|
From: Gilles D. <gr...@sc...> - 2003-10-28 00:06:18
|
I've pretty much run out of time to help out with this release, but before
I leave you, I thought I'd submit the following patch for your testing and
approval. It should fix the duplicate URL problem in htsearch collections,
in bug #504087. I'm not sure what sort of performance impact it will have
on large databases with lots of potential matches, though. That may be
something to consider/test for.
Cheers,
Gilles
--- htsearch/Display.cc.orig 2003-10-25 07:40:23.000000000 -0500
+++ htsearch/Display.cc 2003-10-27 17:55:52.000000000 -0600
@@ -1895,6 +1895,27 @@ Display::sort(List *matches)

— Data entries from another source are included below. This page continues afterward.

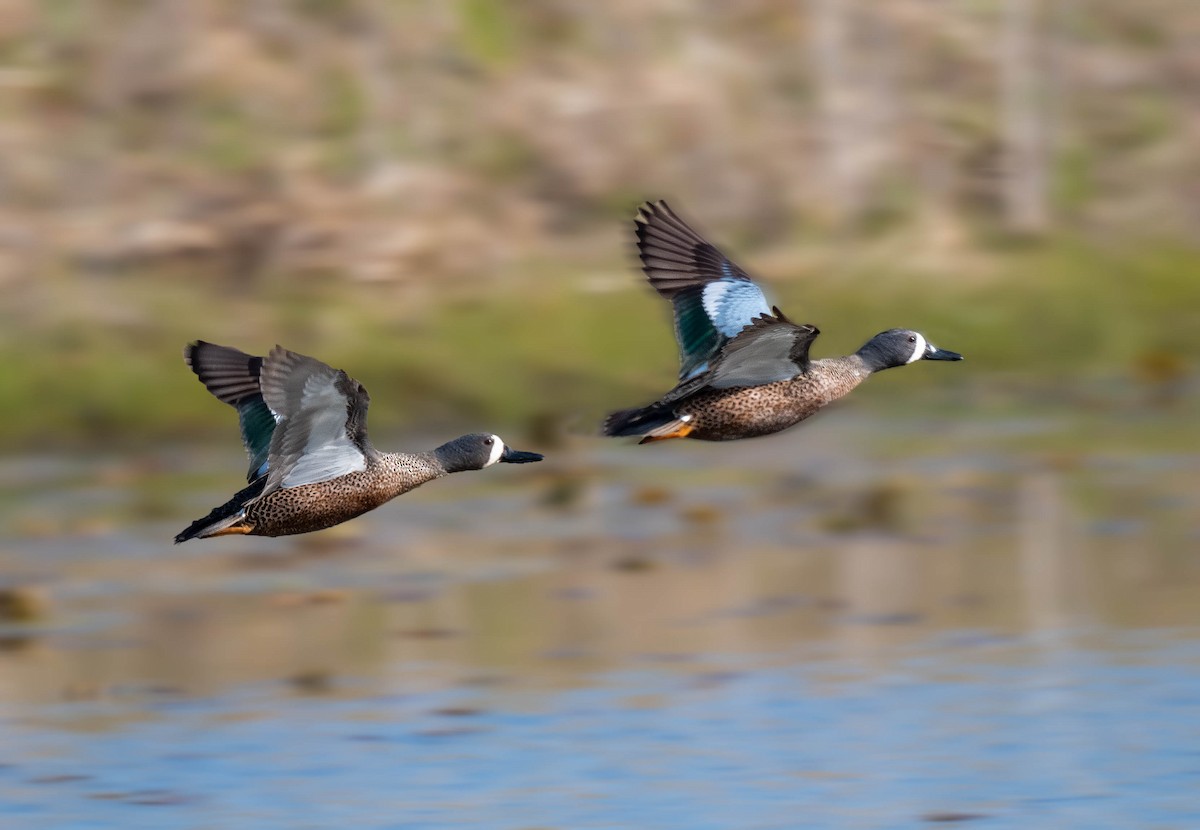 Blue-winged Teal - ML329556301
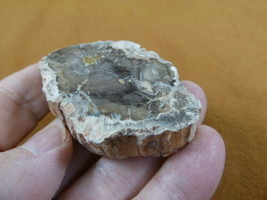 R805-32) genuine fossil Petrified Wood slice specimen Madagascar organic... - £11.75 GBP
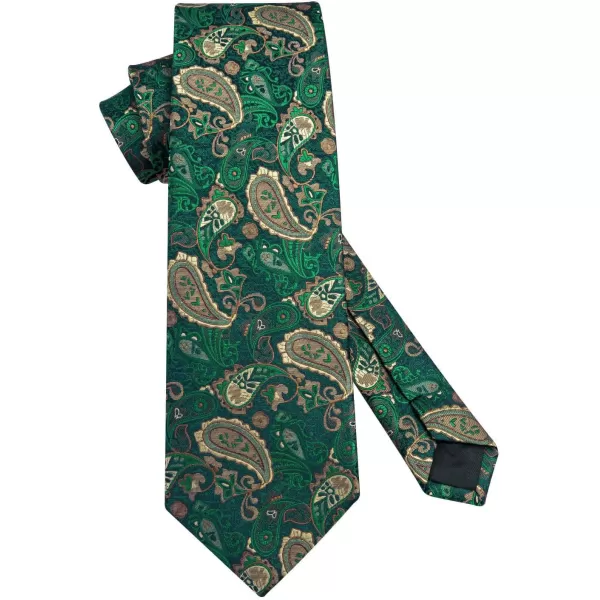 HISDERN Ties for Men Paisley Tie and Pocket Square Woven Classic Floral Mens Ties Handkerchief Set Wedding Party Necktie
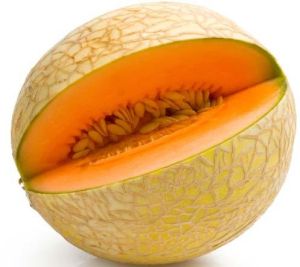 Fresh Muskmelon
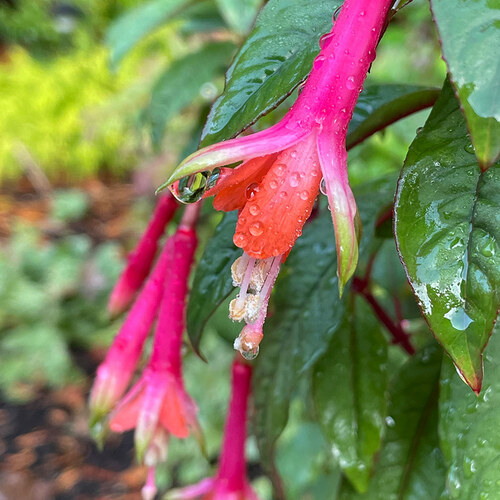 Neon Tricolor Fuchsia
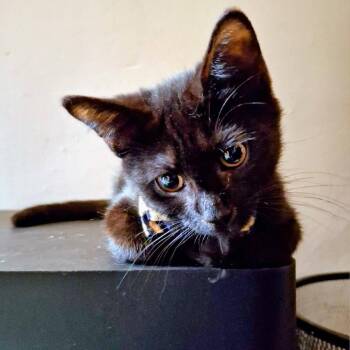 Driftwood -  Domestic Short Hair Cat for Adoption in Philadelphia, Pennsylvania - Driftwood | PetCurious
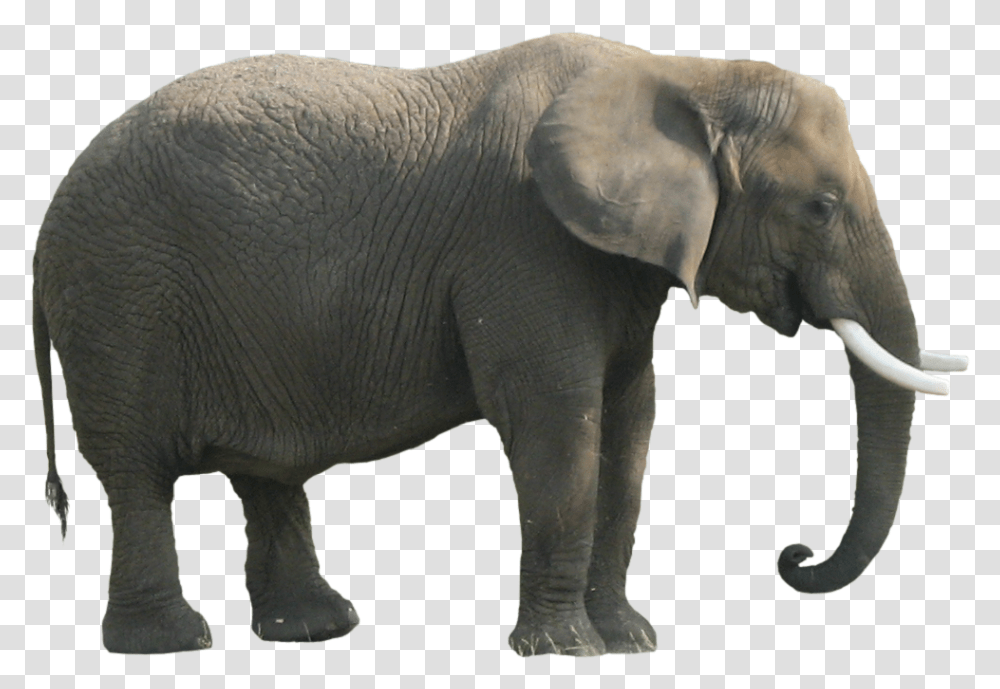 Download Elephant Clipart Body Parts Of An Elephant, Wildlife, Mammal, Animal, Statue Transparent Png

qsort((char *) array, numberOfMatches, sizeof(ResultMatch *),
array[0]->getSortFun());
+ // In case there are duplicate URLs across collections, keep "best" ones
+ // after sorting them.
+ Dictionary goturl;
+ String url;
+ int j = 0;
+ for (i = 0; i < numberOfMatches; i++)
+ {
+ Collection *collection = array[i]->getCollection();
+ DocumentRef *ref = collection->getDocumentRef(array[i]->getID());
+ url = ref->DocURL();
+ HtURLRewriter::instance()->replace(url);
+ if (goturl.Exists(url))
+ delete array[i];
+ else
+ {
+ array[j++] = array[i];
+ goturl.Add(url, 0);
+ }
+ }
+ numberOfMatches = j;
+
const String st = config->Find("sort");
if (!st.empty() && mystrncasecmp("rev", st, 3) == 0)
{
--
Gilles R. Detillieux E-mail: <gr...@sc...>
Spinal Cord Research Centre WWW: http://www.scrc.umanitoba.ca/
Dept. Physiology, U. of Manitoba Winnipeg, MB R3E 3J7 (Canada)
|